Copyright from: blog.sstorie.com
///
/// UPDATE - June 2, 2016
I gave a talk on this topic for the AngularMN meetup in June, and to support that I created a new repository with the the recorded talk, the organized code and links to a couple references. Please check it out. Thanks!
Now back to the original article...
If you spend any time exploring Angular 2 you'll quickly see that most of the content is geared towards developers using text editors like VS Code, Sublime, etc. Those are amazing editors, and I use them both on a regular basis, but I also write a lot of .NET code. That means I use Visual Studio as my primary IDE when writing code every day. It's a truly amazing tool, but it's not always clear how to get it to play nice with some of the web-based frameworks like Angular 2.
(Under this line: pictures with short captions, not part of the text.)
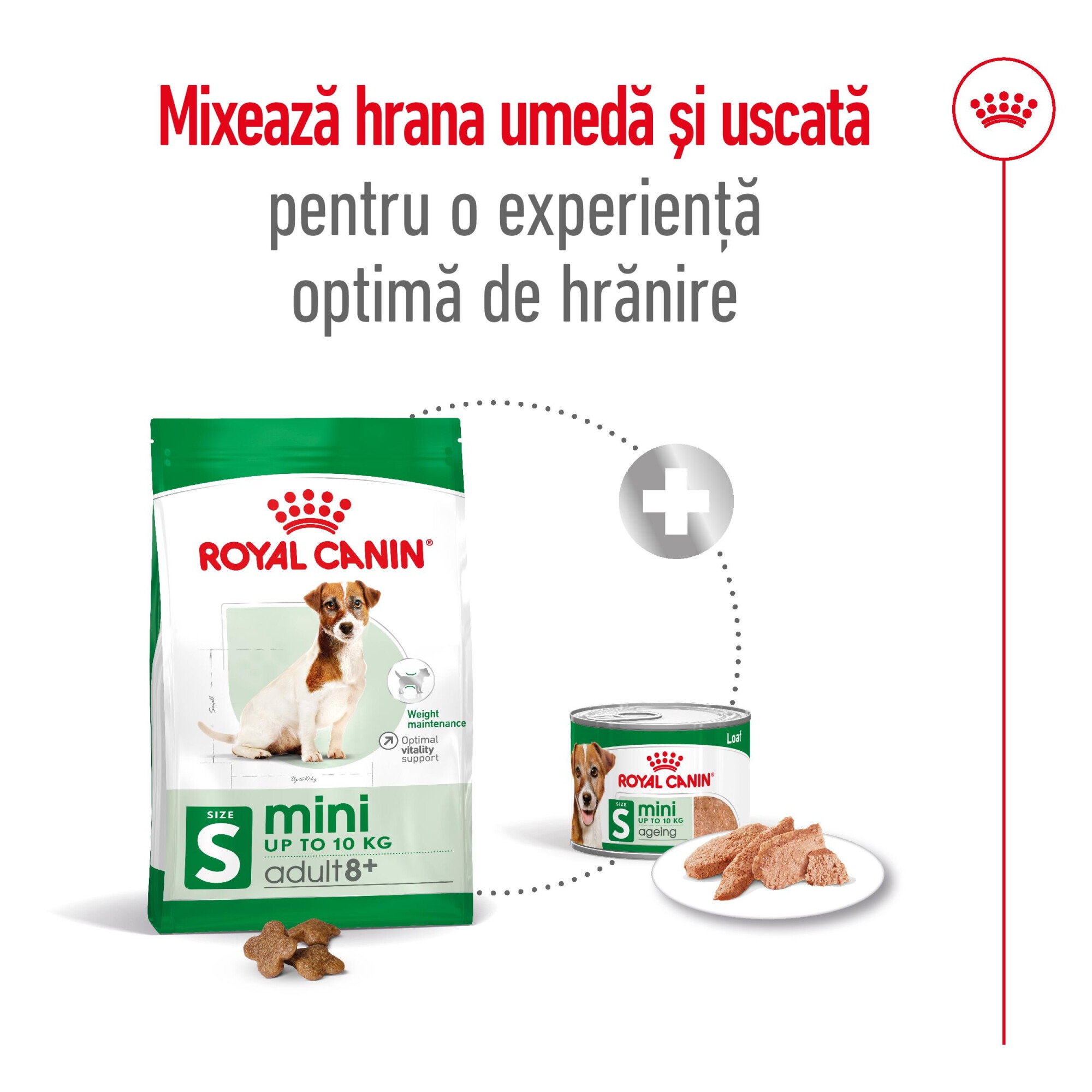 Hrana uscata pentru caini Royal Canin, Mini, Adult 8+, 8kg - eMAG.ro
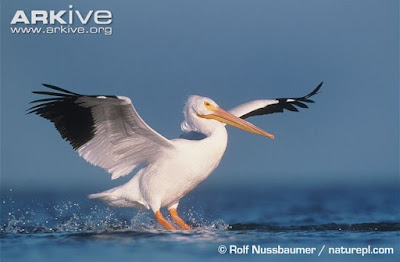 American white Pelican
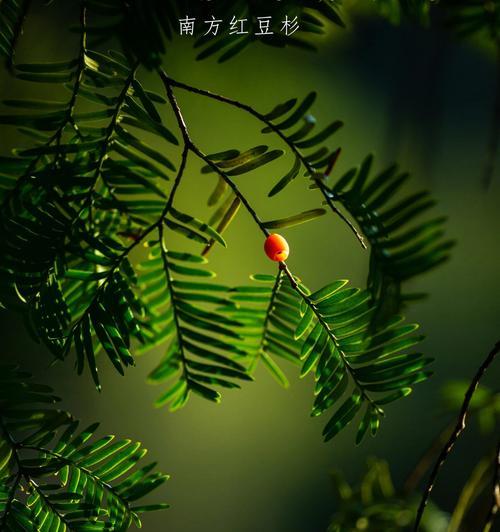 红豆的花语有哪些？红豆在中国文化中象征什么？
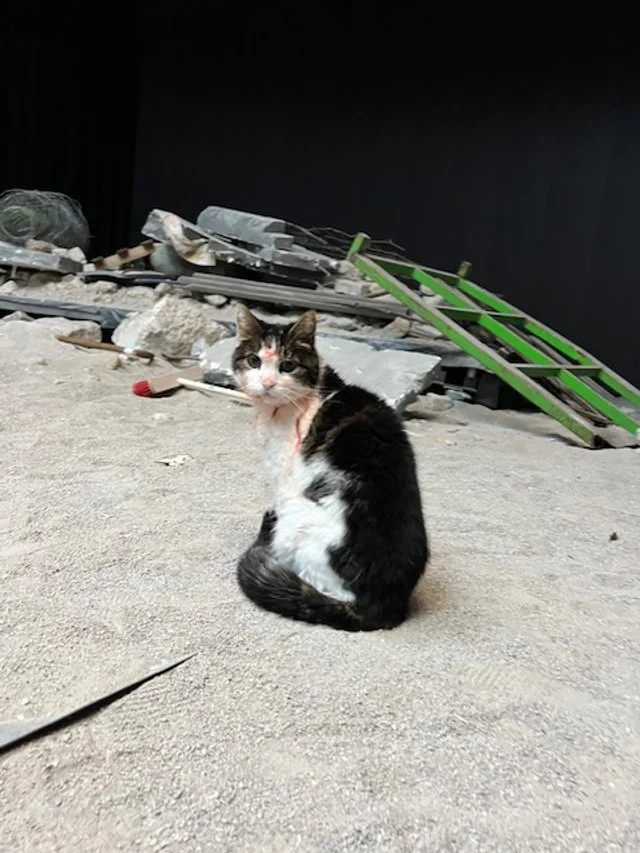 'Close your eyes Hind', van Amir Zaza, Gouden Kalf voor beste korte film.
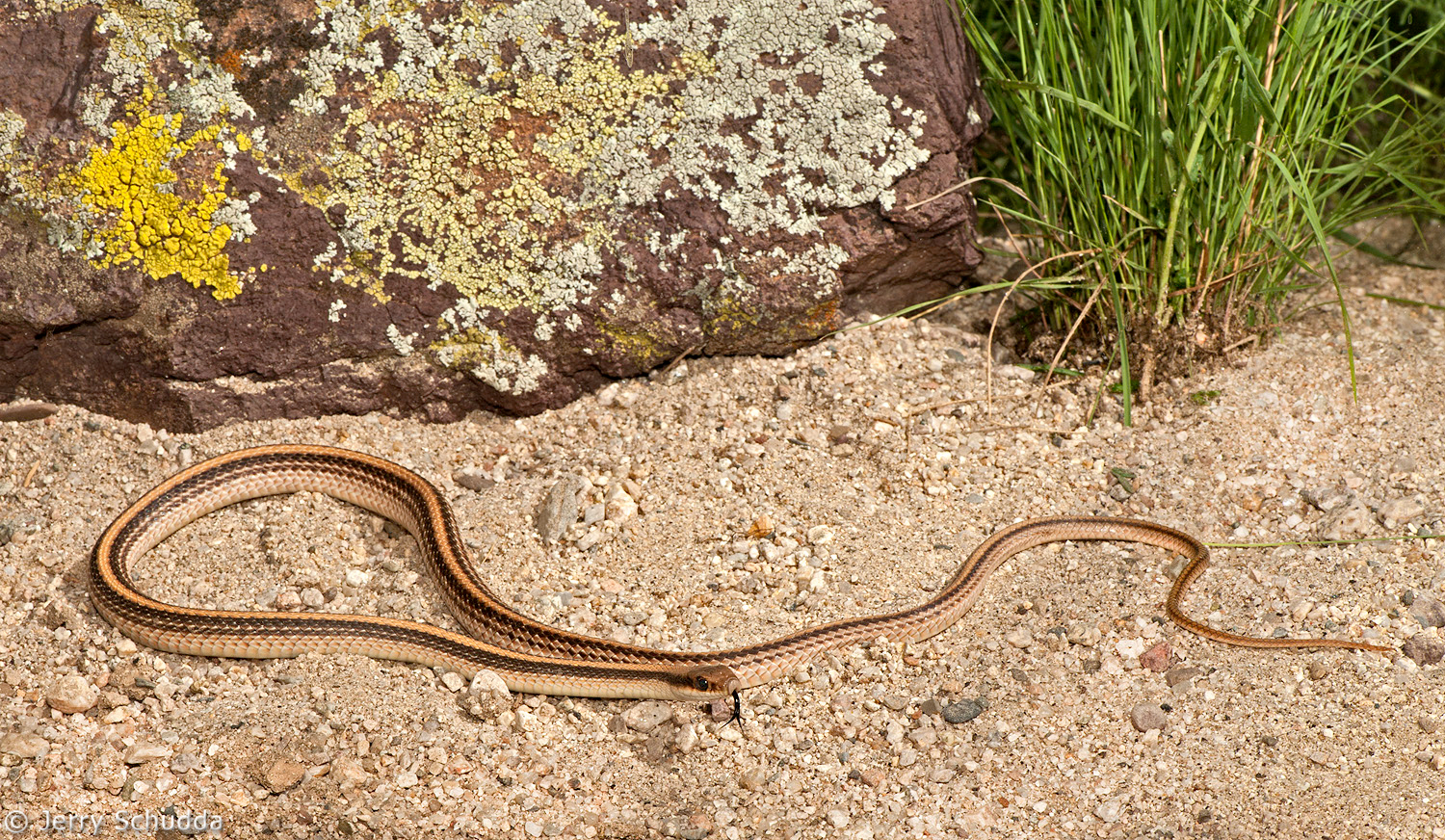 Western Patch-nosed Snake          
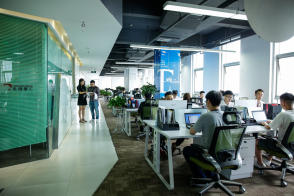 软件开发 系统软件、应用软件、网站开发等 小程序开发、商城开发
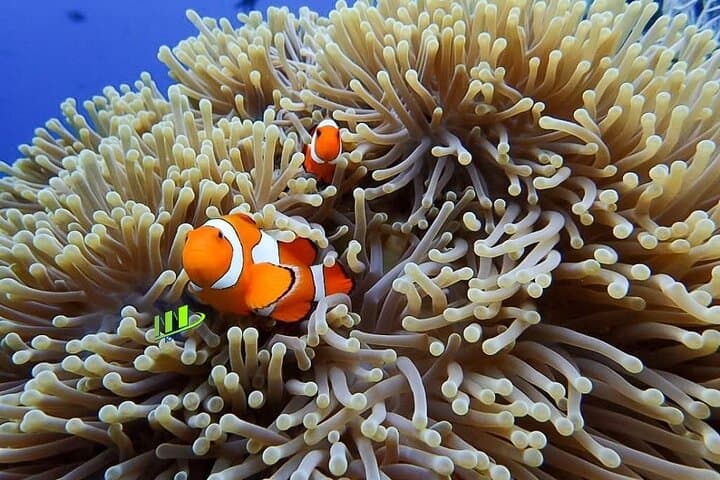 Tulamben USAT Liberty & Coral Garden: Full-Day Scuba Dive from Bali photo 3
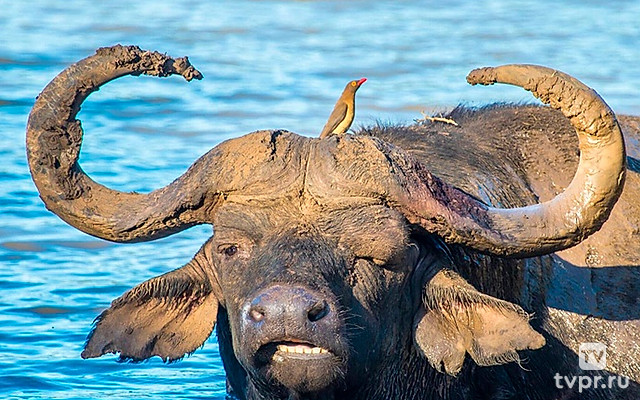 Заповедник Маньони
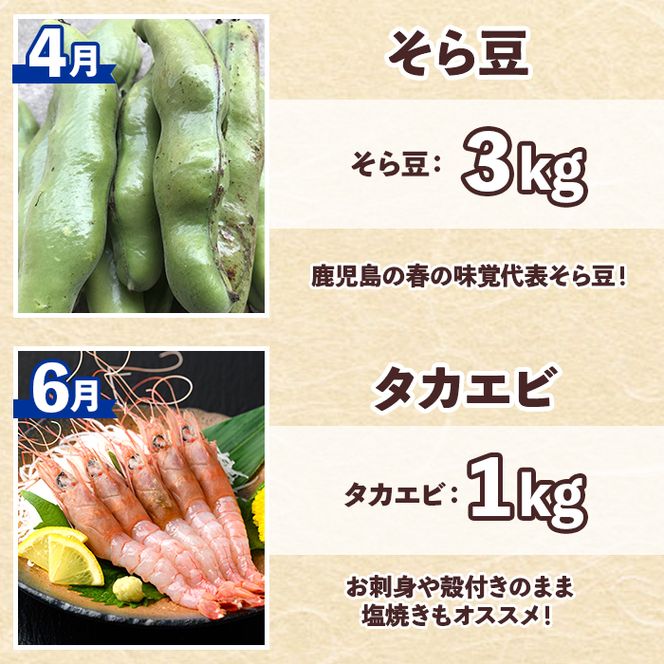 ＜定期便・全6回(偶数月)＞阿久根市の山の幸・海の幸！不知火・そら豆・タカエビ・メロン・伊勢えび・ぼんたんなど)国産 柑橘 みかん フルーツ 果物 魚介 頒布会【松永青果】akn053-38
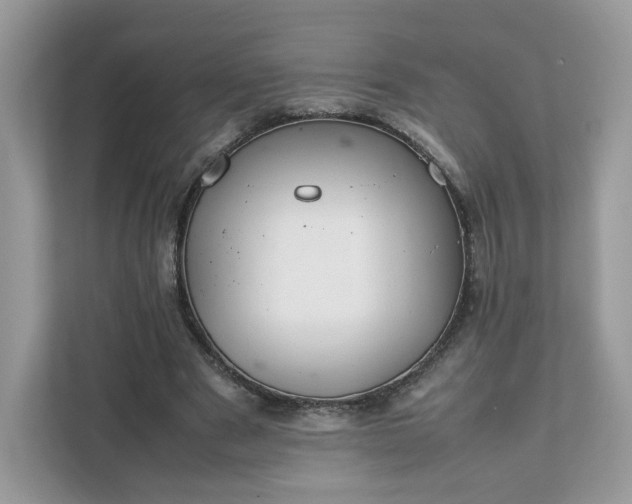 X0000111880489200907301140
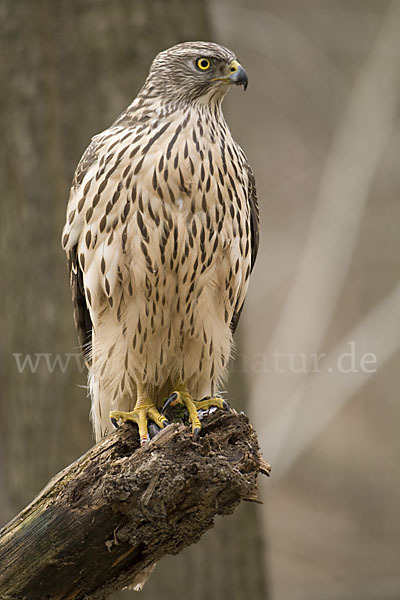 Habicht (Accipiter gentilis)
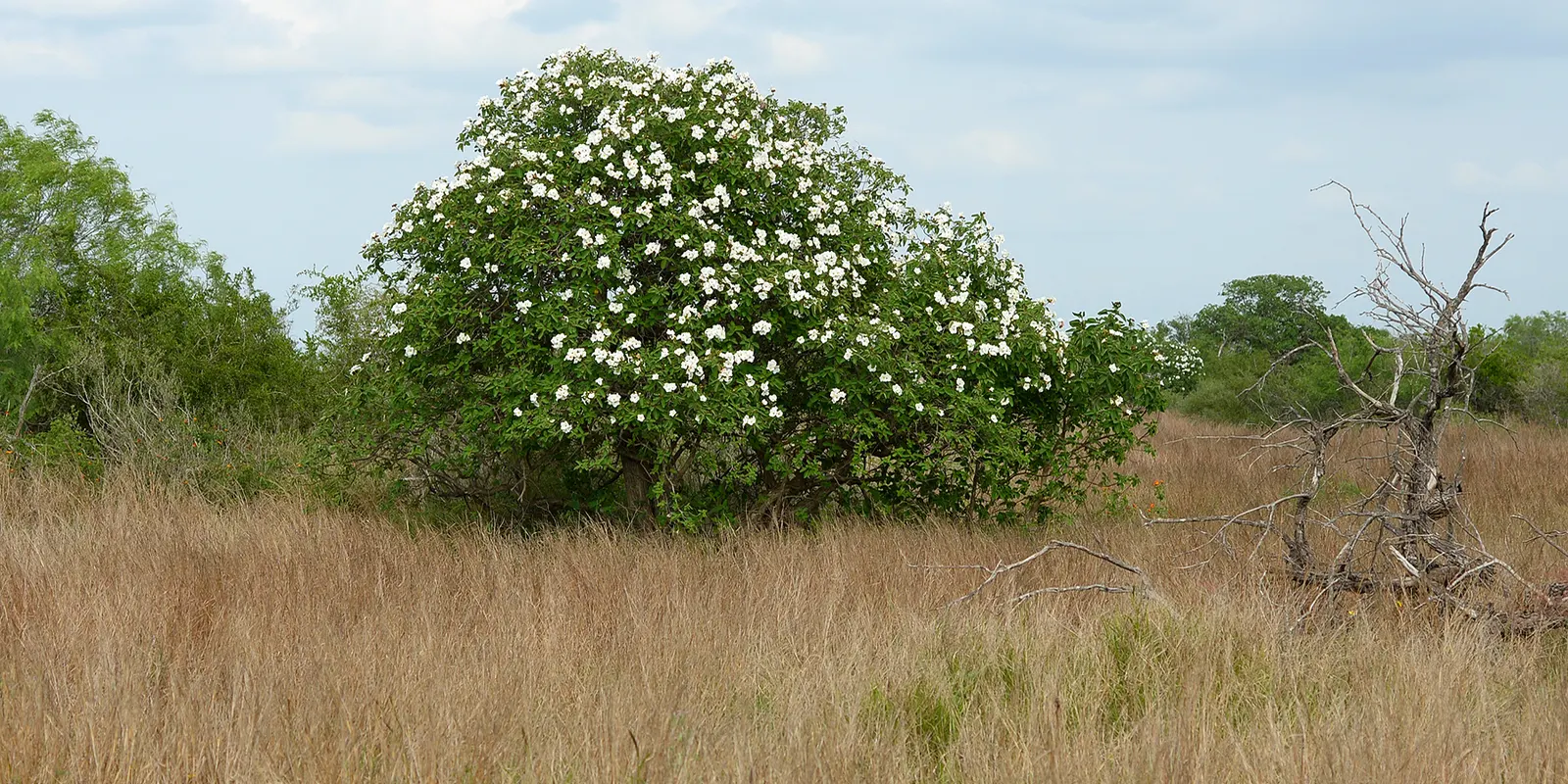 Texas Olive (Cordia Boissieri) — attracting various pollinators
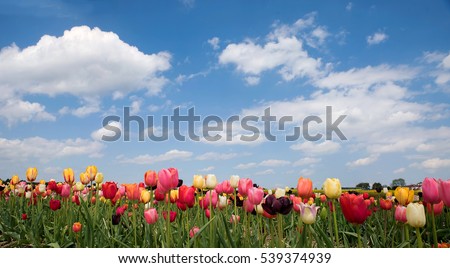 bright tulip field in vivid colors, blue sky with clouds
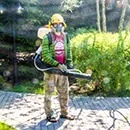 Боротьба з короїдом методи і засоби (боротьба) Боротьба з короїдом методи і засоби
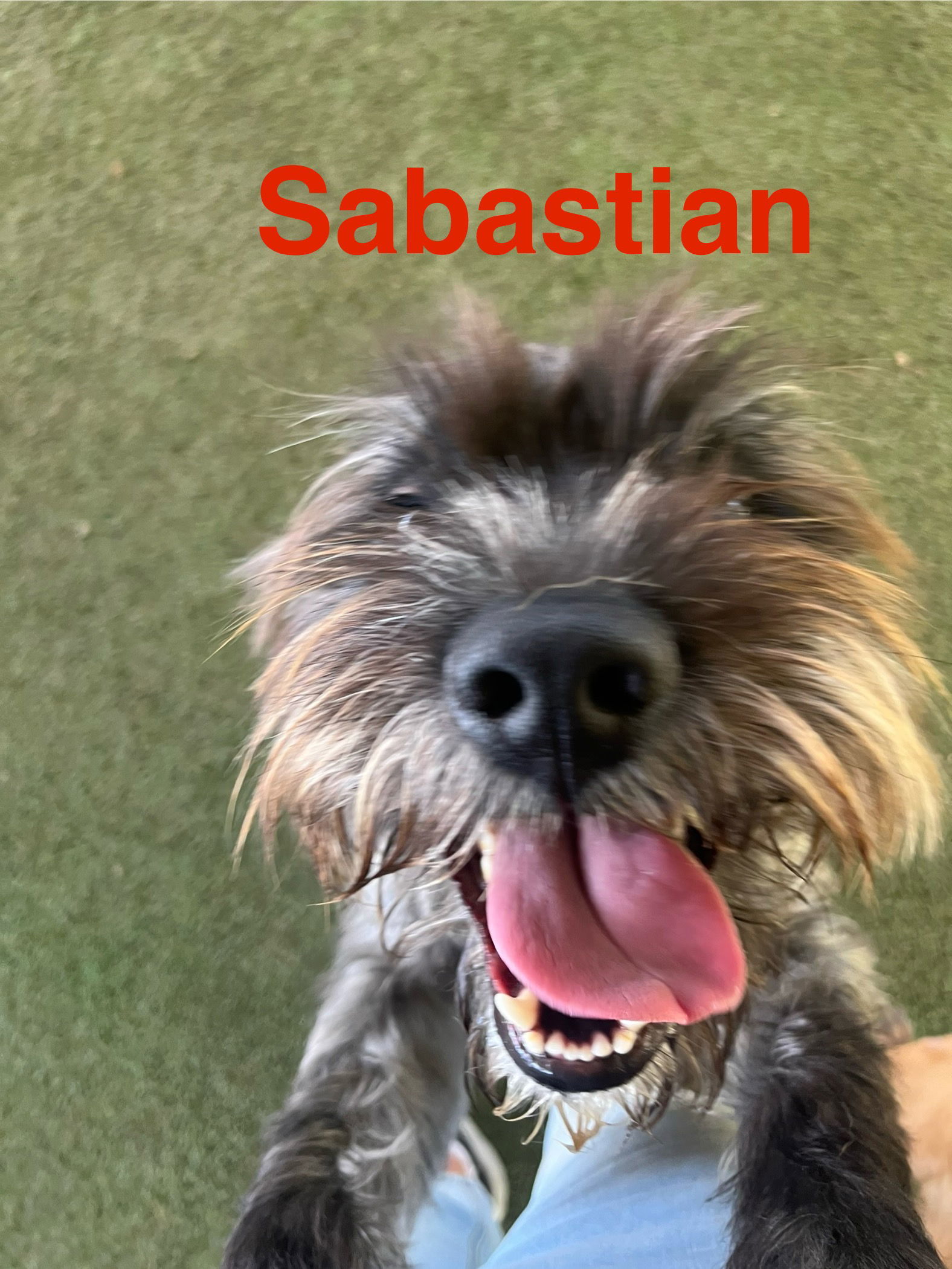 Sebastian, an adoptable Schnauzer in Pipe Creek, TX, 78063 | Photo Image 2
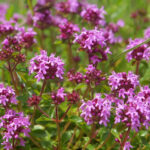 materidouska-thymus-serpyllum-semena-materidousky-500ks.jpg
With Angular 2 Google made a strategic decision to use Typescript as the language, and I think this will really help Angular 2 adoption. There are tons of devs like me, who are used to awesome compilers, typed languages, and advanced features (generics, async/await, etc) that might have found the quirks of javascript a bit...ahem...frustrating at times. I'm not saying javascript isn't a useful language, or that it's too tough to understand, but I have spent many many hours hunting down simple bugs that a compiler would have caught without missing a beat. By baking Typescript right into Angular 2 the team at Google have made it so much more accessible to developers like myself.
So in this two-part series I want to walk through how a developer who is used to Visual Studio can start using Angular 2 in the IDE they know and love. In this first part we'll build a relatively simple API, and add Nancy to let us host the Angular 2 application using OWIN. In the second post of the series I'll walk through some of my experiences writing Angular 2 code within Visual Studio. For reference, I'm using Visual Studio 2015 Update 2 and ASP.NET 4.5 (i.e., not the bleeding edge ASP.NET Core stuff).
- 0-60 with Angular 2 & Visual Studio - Part 1 (this post)
- 0-60 with Angular 2 & Visual Studio - Part 2
The application
In this example I wrote a simple application that lets a user enter a zip code, and see the past high & low temperatures of the current day over the past 10 years. Visually the Angular 2 app looks like this:
Behind the scenes our API will take the provided zip code, query an external API to map that to a geo-coordinate. That coordinate is then used to query another API for the weather data. Then a response is built up and returned to the Angular app.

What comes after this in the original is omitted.